Similar stories of botanical theft played out globally. Robert Fortune’s expeditions to China between 1843 and 1860 were explicitly commissioned by the British East India Company to steal tea plants and processing secrets, breaking China’s tea monopoly. Traveling in disguise, Fortune collected tea plants, hired Chinese tea workers (often through deception), and established them in British India. This act of industrial espionage transformed the global tea trade, enriching Britain while undermining Chinese economic power. The tea plantations established in Assam and Ceylon became foundations of imperial wealth, operated through exploitative labor systems that persisted well into the 20th century.

The cinchona tree, source of quinine essential for treating malaria, was smuggled from South America to European colonies in Asia and Africa.

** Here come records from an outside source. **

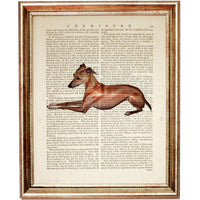 Italian Greyhound Wall Art Set, 3 Dog Dictionary Prints, Pet Wall Decor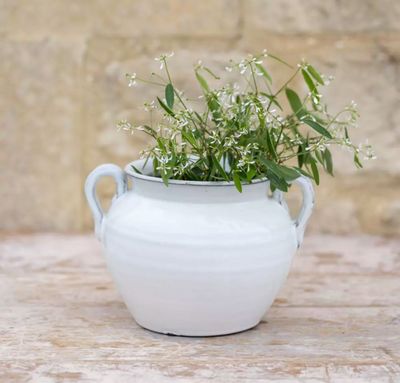 Timeless White Ceramic Vase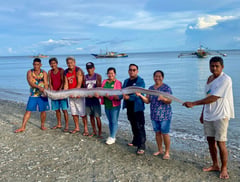 Oarfish washes ashore in Oriental Mindoro, revives earthquake myth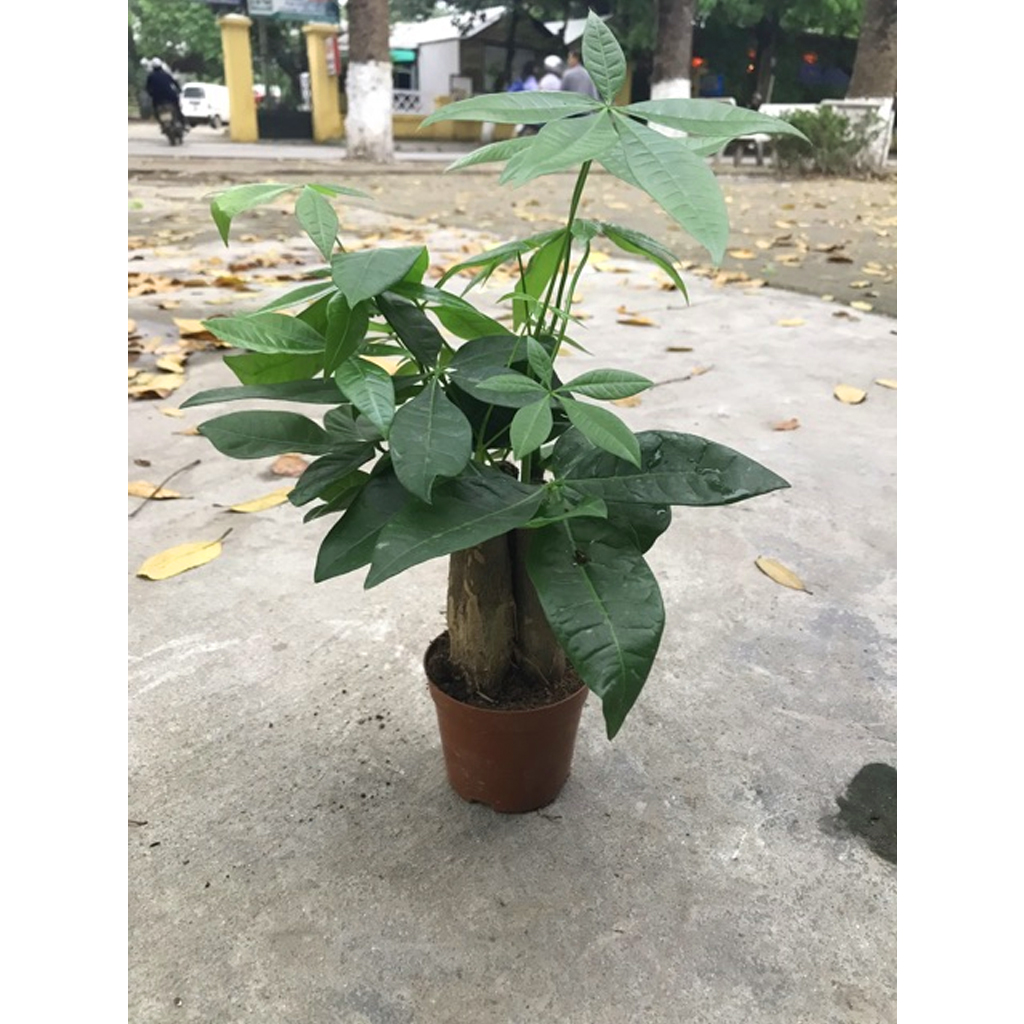 Cây Kim Ngân 3 Thân - Chậu Nhựa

While quinine undoubtedly saved European lives and enabled tropical medicine, its theft represented another instance of appropriating indigenous knowledge and resources for imperial benefit. Indigenous South American peoples had used cinchona bark medicinally for generations, knowledge that was extracted and commercialized without compensation.

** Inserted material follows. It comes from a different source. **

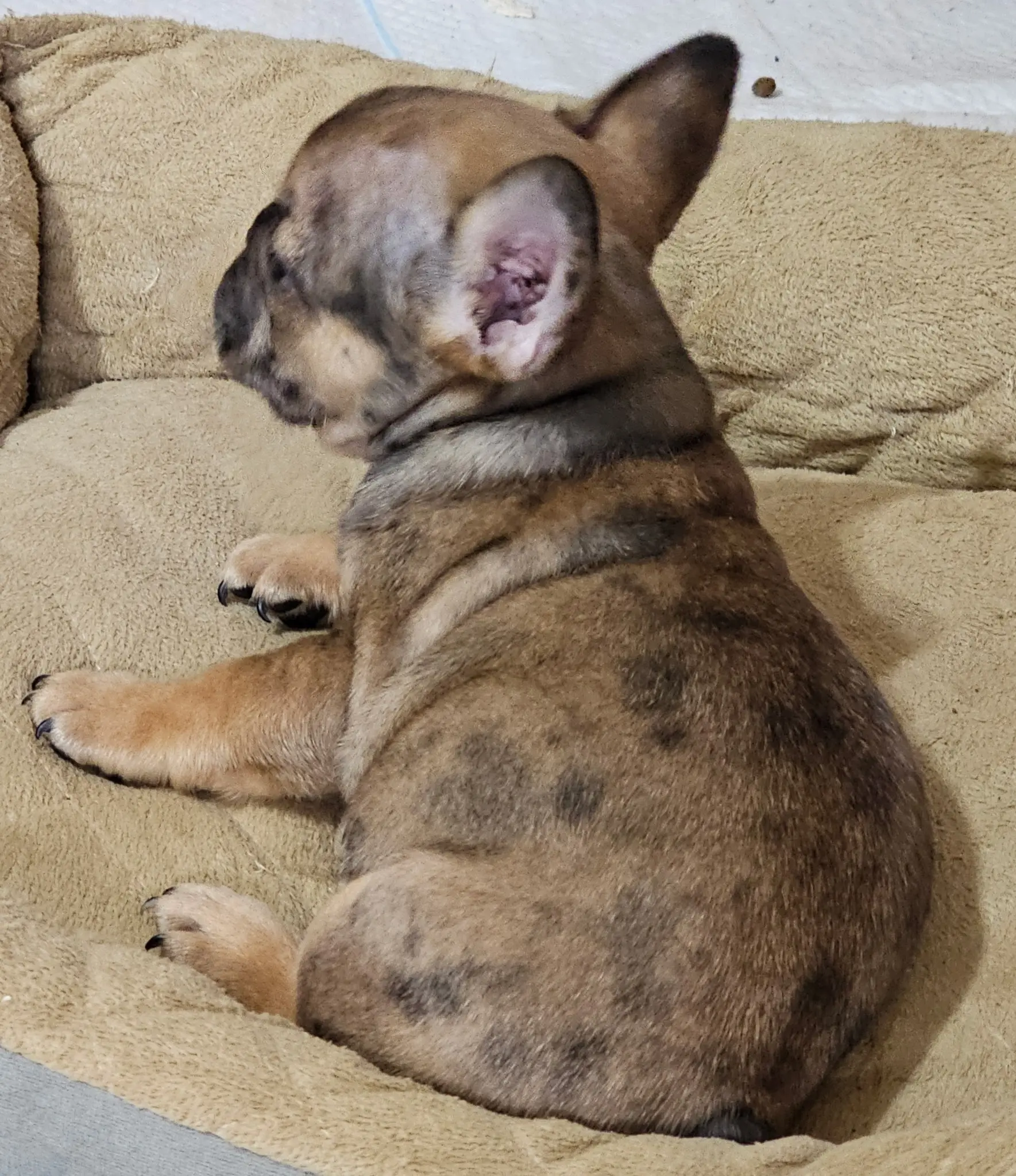 French Bulldog puppy for sale: Brindle French Bulldog puppy sitting on a soft beige bed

Plant hunters operated explicitly as agents of empire. Their expeditions were funded by colonial governments, commercial interests, or botanical institutions serving imperial objectives. Their instructions often included gathering intelligence about local resources, populations, and potential for colonization alongside their botanical work. The maps they drew, the reports they filed, and the relationships they established with local populations all served imperial expansion.

Yet these plant hunters themselves often died young of disease, accident, or violence. The death toll among European collectors was extraordinarily high—tropical diseases, dangerous travel conditions, and sometimes hostile receptions from peoples understandably resentful of foreign intrusion claimed many lives. David Douglas (for whom the Douglas fir is named) died at age 35, gored by a bull in a pit trap in Hawaii. Frank Kingdon-Ward survived numerous near-death experiences during decades of collecting in Asia. The collectors often displayed remarkable courage and endurance.

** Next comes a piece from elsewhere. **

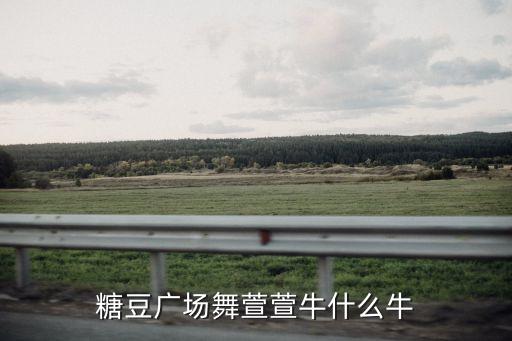 糖豆广场舞萱萱牛什么牛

However, the local guides, porters, translators, and informants who made these expeditions possible rarely received credit and faced even greater dangers. These indigenous experts provided the knowledge that enabled European collectors to find valuable plants, navigate unfamiliar terrain, and survive in challenging environments. Yet they remain largely anonymous in historical records. The “discoveries” attributed to European plant hunters were almost always enabled by local knowledge freely given or coerced from indigenous peoples.

The Victorian obsession with exotic plants also drove unsustainable collection that threatened wild populations. Orchid hunters devastated populations of rare species, sometimes destroying entire forest sections to collect particularly prized specimens while eliminating competitors’ access to the same resources. The commercial orchid trade created artificial scarcity and drove some species toward extinction. Similar dynamics affected other coveted ornamentals, including certain palms, ferns, and flowering plants.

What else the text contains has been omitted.